[Caption-style text data]

┌────────

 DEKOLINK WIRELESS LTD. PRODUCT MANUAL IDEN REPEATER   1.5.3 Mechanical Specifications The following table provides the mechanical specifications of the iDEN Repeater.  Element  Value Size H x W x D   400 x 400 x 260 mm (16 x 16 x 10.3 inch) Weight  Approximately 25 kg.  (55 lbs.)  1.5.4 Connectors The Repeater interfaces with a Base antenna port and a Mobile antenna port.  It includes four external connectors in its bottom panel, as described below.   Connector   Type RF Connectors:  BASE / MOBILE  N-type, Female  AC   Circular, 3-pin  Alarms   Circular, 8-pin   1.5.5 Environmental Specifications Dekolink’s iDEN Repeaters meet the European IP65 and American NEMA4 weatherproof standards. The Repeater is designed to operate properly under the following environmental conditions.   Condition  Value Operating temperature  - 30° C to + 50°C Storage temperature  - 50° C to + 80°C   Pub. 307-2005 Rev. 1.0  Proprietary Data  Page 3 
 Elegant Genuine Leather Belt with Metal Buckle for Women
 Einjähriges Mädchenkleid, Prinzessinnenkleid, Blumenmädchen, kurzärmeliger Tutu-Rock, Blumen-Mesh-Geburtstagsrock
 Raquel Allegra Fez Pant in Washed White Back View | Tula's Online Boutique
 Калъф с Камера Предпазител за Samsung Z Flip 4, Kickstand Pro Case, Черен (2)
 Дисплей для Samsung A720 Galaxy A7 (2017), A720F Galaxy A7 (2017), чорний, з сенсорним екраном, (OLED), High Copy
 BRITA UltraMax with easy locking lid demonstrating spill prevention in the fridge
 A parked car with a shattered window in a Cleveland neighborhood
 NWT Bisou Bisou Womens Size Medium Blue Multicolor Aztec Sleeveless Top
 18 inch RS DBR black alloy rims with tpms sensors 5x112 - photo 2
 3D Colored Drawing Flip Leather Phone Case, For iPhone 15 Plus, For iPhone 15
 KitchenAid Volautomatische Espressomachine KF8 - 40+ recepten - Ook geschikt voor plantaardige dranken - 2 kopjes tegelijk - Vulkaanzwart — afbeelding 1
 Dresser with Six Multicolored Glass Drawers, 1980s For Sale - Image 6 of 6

└────────

# Exercise goal
Please retype, with no changes, the lines that run from the first line of the entries to the line with "Raquel Allegra Fez", both ends included.

# Task output
 DEKOLINK WIRELESS LTD. PRODUCT MANUAL IDEN REPEATER   1.5.3 Mechanical Specifications The following table provides the mechanical specifications of the iDEN Repeater.  Element  Value Size H x W x D   400 x 400 x 260 mm (16 x 16 x 10.3 inch) Weight  Approximately 25 kg.  (55 lbs.)  1.5.4 Connectors The Repeater interfaces with a Base antenna port and a Mobile antenna port.  It includes four external connectors in its bottom panel, as described below.   Connector   Type RF Connectors:  BASE / MOBILE  N-type, Female  AC   Circular, 3-pin  Alarms   Circular, 8-pin   1.5.5 Environmental Specifications Dekolink’s iDEN Repeaters meet the European IP65 and American NEMA4 weatherproof standards. The Repeater is designed to operate properly under the following environmental conditions.   Condition  Value Operating temperature  - 30° C to + 50°C Storage temperature  - 50° C to + 80°C   Pub. 307-2005 Rev. 1.0  Proprietary Data  Page 3 
 Elegant Genuine Leather Belt with Metal Buckle for Women
 Einjähriges Mädchenkleid, Prinzessinnenkleid, Blumenmädchen, kurzärmeliger Tutu-Rock, Blumen-Mesh-Geburtstagsrock
 Raquel Allegra Fez Pant in Washed White Back View | Tula's Online Boutique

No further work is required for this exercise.